PROBLEM TO SOLVE –
Exact reproduction of every record is required, and pictures are to be excluded.

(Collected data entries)
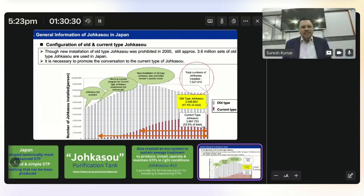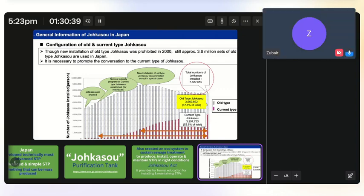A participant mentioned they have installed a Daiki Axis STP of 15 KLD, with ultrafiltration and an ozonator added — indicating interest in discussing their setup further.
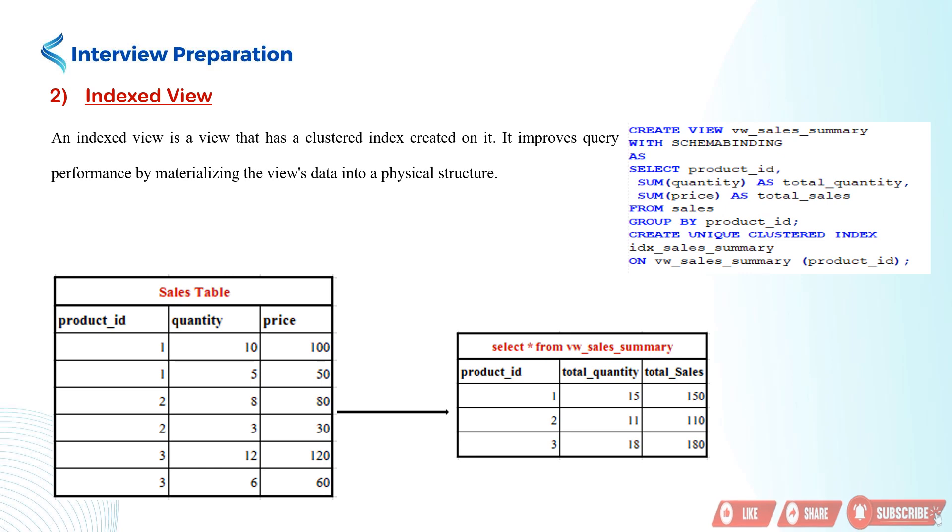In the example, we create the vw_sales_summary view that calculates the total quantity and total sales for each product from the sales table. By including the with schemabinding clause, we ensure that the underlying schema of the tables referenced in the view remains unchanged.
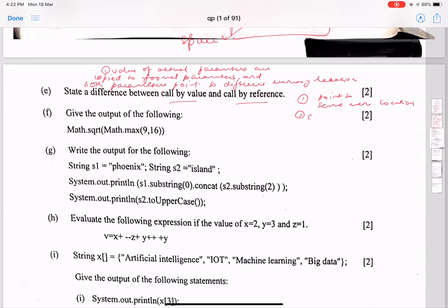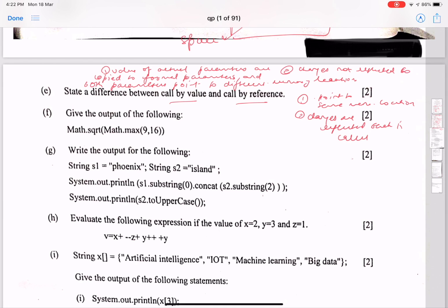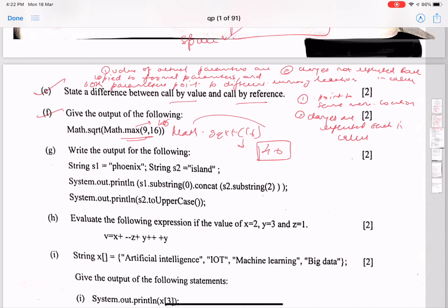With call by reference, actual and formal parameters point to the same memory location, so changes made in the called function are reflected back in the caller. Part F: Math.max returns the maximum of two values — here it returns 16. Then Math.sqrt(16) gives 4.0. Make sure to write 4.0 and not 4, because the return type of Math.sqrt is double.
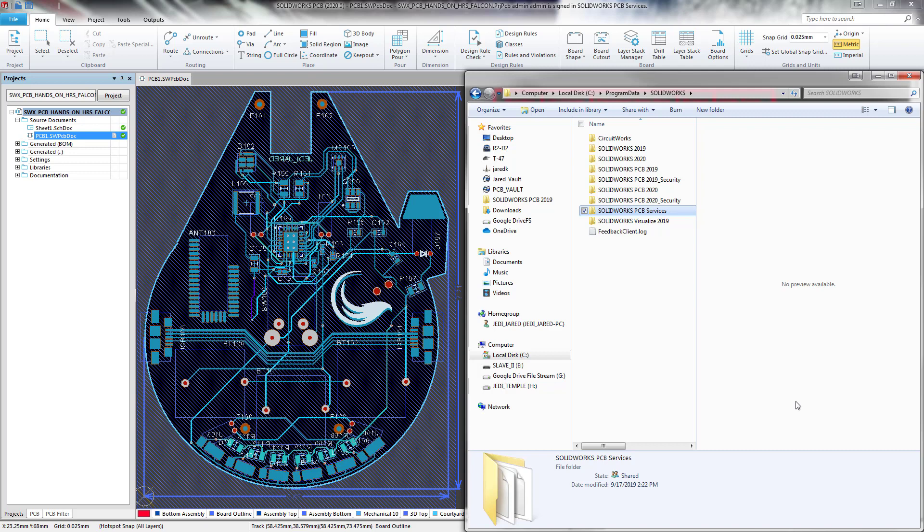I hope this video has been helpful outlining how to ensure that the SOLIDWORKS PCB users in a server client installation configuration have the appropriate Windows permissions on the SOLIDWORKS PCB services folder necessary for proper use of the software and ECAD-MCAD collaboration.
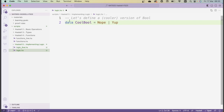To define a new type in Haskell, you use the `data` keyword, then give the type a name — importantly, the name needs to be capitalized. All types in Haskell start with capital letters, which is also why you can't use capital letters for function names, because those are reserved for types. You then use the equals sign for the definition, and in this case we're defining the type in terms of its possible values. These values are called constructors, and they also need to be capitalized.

YOUR SOLUTION –
A participant mentioned they have installed a Daiki Axis STP of 15 KLD, with ultrafiltration and an ozonator added — indicating interest in discussing their setup further.
In the example, we create the vw_sales_summary view that calculates the total quantity and total sales for each product from the sales table. By including the with schemabinding clause, we ensure that the underlying schema of the tables referenced in the view remains unchanged.
With call by reference, actual and formal parameters point to the same memory location, so changes made in the called function are reflected back in the caller. Part F: Math.max returns the maximum of two values — here it returns 16. Then Math.sqrt(16) gives 4.0. Make sure to write 4.0 and not 4, because the return type of Math.sqrt is double.
I hope this video has been helpful outlining how to ensure that the SOLIDWORKS PCB users in a server client installation configuration have the appropriate Windows permissions on the SOLIDWORKS PCB services folder necessary for proper use of the software and ECAD-MCAD collaboration.
To define a new type in Haskell, you use the `data` keyword, then give the type a name — importantly, the name needs to be capitalized. All types in Haskell start with capital letters, which is also why you can't use capital letters for function names, because those are reserved for types. You then use the equals sign for the definition, and in this case we're defining the type in terms of its possible values. These values are called constructors, and they also need to be capitalized.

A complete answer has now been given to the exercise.